Collected data:
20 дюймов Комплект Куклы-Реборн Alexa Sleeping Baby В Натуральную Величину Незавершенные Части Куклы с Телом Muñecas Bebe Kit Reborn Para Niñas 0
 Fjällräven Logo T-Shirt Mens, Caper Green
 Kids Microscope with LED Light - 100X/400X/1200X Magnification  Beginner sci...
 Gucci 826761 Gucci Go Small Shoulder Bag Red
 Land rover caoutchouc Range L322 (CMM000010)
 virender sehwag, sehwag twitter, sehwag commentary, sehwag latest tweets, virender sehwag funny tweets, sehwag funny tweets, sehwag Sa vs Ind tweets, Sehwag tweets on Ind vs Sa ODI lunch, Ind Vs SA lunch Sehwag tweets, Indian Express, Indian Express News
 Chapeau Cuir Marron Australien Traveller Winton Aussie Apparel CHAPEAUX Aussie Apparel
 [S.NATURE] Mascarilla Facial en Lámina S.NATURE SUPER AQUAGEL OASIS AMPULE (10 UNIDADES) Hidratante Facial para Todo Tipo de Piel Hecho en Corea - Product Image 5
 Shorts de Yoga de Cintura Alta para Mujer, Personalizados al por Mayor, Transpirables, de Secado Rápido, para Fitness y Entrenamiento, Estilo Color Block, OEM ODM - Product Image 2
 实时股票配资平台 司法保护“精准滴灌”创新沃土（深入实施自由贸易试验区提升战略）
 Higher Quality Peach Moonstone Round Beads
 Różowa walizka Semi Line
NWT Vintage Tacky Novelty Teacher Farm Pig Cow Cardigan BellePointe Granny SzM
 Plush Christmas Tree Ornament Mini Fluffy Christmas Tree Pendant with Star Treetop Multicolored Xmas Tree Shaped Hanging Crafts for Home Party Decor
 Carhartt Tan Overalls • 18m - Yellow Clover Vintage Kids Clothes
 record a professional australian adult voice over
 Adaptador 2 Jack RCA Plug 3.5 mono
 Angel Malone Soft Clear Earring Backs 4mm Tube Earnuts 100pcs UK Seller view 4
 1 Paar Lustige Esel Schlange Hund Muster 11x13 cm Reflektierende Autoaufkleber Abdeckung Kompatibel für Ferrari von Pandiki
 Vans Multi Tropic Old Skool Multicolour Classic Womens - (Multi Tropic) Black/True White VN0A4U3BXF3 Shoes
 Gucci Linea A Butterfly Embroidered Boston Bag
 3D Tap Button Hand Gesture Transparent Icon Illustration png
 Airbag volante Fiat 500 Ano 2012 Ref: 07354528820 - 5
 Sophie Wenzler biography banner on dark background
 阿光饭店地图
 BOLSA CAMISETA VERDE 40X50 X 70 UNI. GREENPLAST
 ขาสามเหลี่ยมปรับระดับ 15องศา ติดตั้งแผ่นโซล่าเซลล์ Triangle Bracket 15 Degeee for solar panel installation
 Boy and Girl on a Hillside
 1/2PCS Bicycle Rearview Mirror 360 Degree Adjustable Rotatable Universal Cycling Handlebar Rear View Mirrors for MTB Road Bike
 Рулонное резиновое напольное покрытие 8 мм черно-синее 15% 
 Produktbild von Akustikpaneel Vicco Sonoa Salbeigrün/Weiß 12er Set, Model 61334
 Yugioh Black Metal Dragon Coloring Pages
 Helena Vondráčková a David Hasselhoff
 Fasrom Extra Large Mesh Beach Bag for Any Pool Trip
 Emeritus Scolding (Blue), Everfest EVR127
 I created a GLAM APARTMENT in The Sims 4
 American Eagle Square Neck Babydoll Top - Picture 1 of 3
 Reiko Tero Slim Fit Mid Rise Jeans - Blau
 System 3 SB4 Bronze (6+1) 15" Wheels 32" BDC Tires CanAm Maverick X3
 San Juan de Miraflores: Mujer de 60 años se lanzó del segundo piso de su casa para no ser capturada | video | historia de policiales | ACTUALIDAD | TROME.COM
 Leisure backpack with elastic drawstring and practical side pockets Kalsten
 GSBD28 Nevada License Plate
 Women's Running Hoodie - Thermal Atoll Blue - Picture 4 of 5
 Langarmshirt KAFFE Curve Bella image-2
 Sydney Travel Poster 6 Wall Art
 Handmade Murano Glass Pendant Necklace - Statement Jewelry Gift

- _Assigned task_: Across all the records, find the lines containing the word "Kids" and reproduce each one.

- _Solution_:
 Kids Microscope with LED Light - 100X/400X/1200X Magnification  Beginner sci...
 Carhartt Tan Overalls • 18m - Yellow Clover Vintage Kids Clothes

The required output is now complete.